When we entered each drinking motive into a separate model we found different results for the association between PTSD severity and same-day drinking, but not for the models predicting next-day drinking in which there were no significant moderation effects when the drinking motives were entered simultaneously or independently. When entered independently, enhancement motives significantly interacted with PTSD symptom severity to predict same-day drinking; however, the pattern of findings was slightly different. Drinking increased with relative increases in PTSD symptom severity for individuals both low and high in enhancement motives; however, those with high enhancement motives increased at a slightly lower rate. Unlike when all motives were included in the same model, coping motives did not significantly moderate the association between PTSD and same-day drinking when examined independently.
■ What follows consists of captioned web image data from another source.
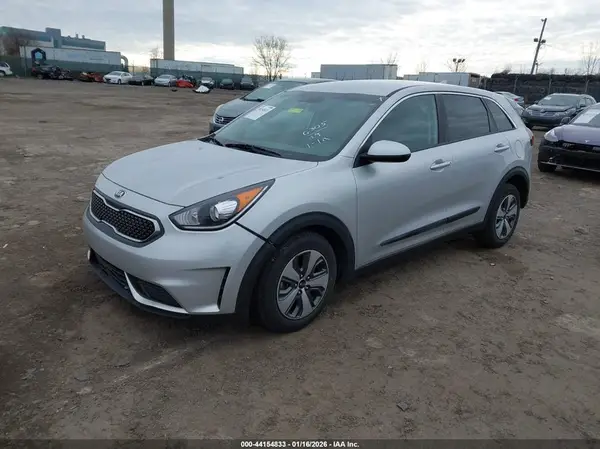 KNDCB3LC6K5302848 2019 KIA NIRO - Image 2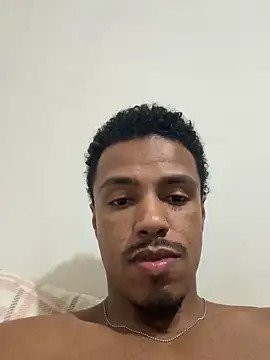 Snapshot of LorenzoBlack27 chatting on May 24, 2026, 2:49 am LorenzoBlack27 online show from May 24, 2026, 2:49 am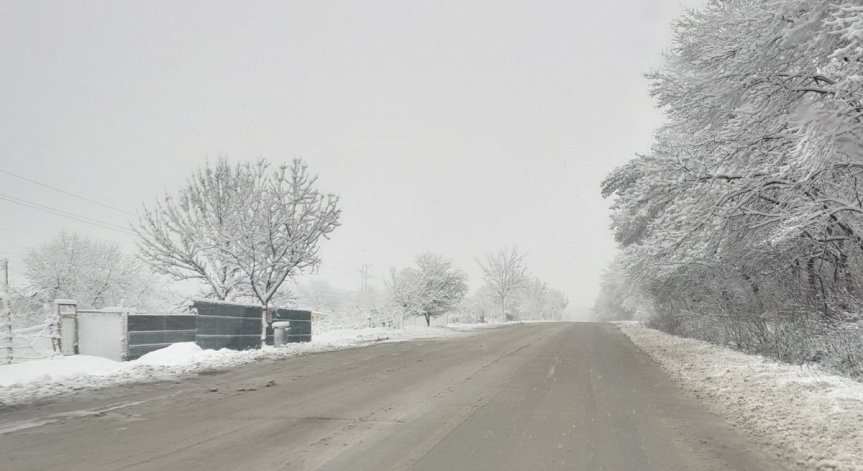 Села край Долни Чифлик са без ток, бедствено положение в района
And similar to the model in which all motives were entered simultaneously, social and conformity drinking motives did not independently moderate the association between PTSD symptoms and same-day drinking. Given these differences, it is important to interpret the moderation effects of coping and enhancement motives when all motives are included in the same model as occurring after partialing out the common variance shared among all drinking motives.